И были другие минуты, когда после ранения на подступах к Ржеву и окончания курсов младших лейтенантов Калининского фронта я принял взвод и сам не раз кричал эти же слева...
Война сместила многие понятия. Куда-то в глубины сознания перешли и фигура отца у рассветных окон Чистого переулка, и рассказ Ивана Федоровича, и страшное слово "репрессии". А остались ежедневно повторяемые славословия в газетах, в книгах, на политзанятиях. И этот крик перед атакой... Как все произошло? Подобные мысли не раз впоследствии приходили ко мне. Я понимал, сам видел, сколько горя принесли Сталин и его холопы народу, а ведь тоже кричал.

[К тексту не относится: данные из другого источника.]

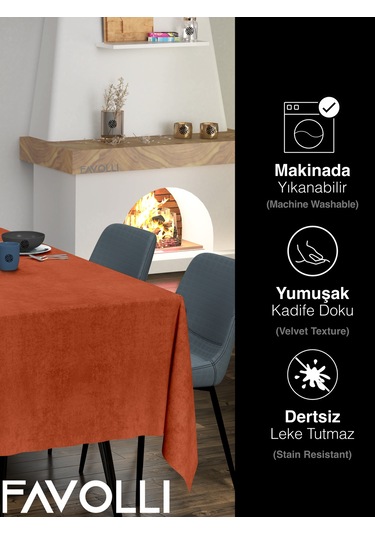 Kadife Dokulu Kiremit Rengi Masa Örtüsü Kiremit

Так, уничтожая одних, запугивая других, сталинизм сделал еще одно, можно сказать, глобальное зло - раздвоил души большинства людей, которые думали одно, говорили другое, а делали третье. И это не кончилось со смертью Сталина, а прочно засело в обществе. Подтверждений тому было очень много - и в 50-е, и в 60-е годы, и позднее.
...Когда Сталин умер, я позвонил Михаилу Аркадьевичу Светлову, с которым был хорошо знаком, если не сказать - дружен. Я сказал: "Какая тяжелая потеря!" А Михаил Аркадьевич со свойственной ему иронией ответил: "Я еще не вполне оценил степень ее тяжести. Приезжайте, поговорим".
Мы долго разговаривали в тот вечер. Светлов рассказывал о годах репрессий, о потере друзей, в чьей преданности делу революции, честности и порядочности он был уверен. А я рассказал ему то, что написано выше.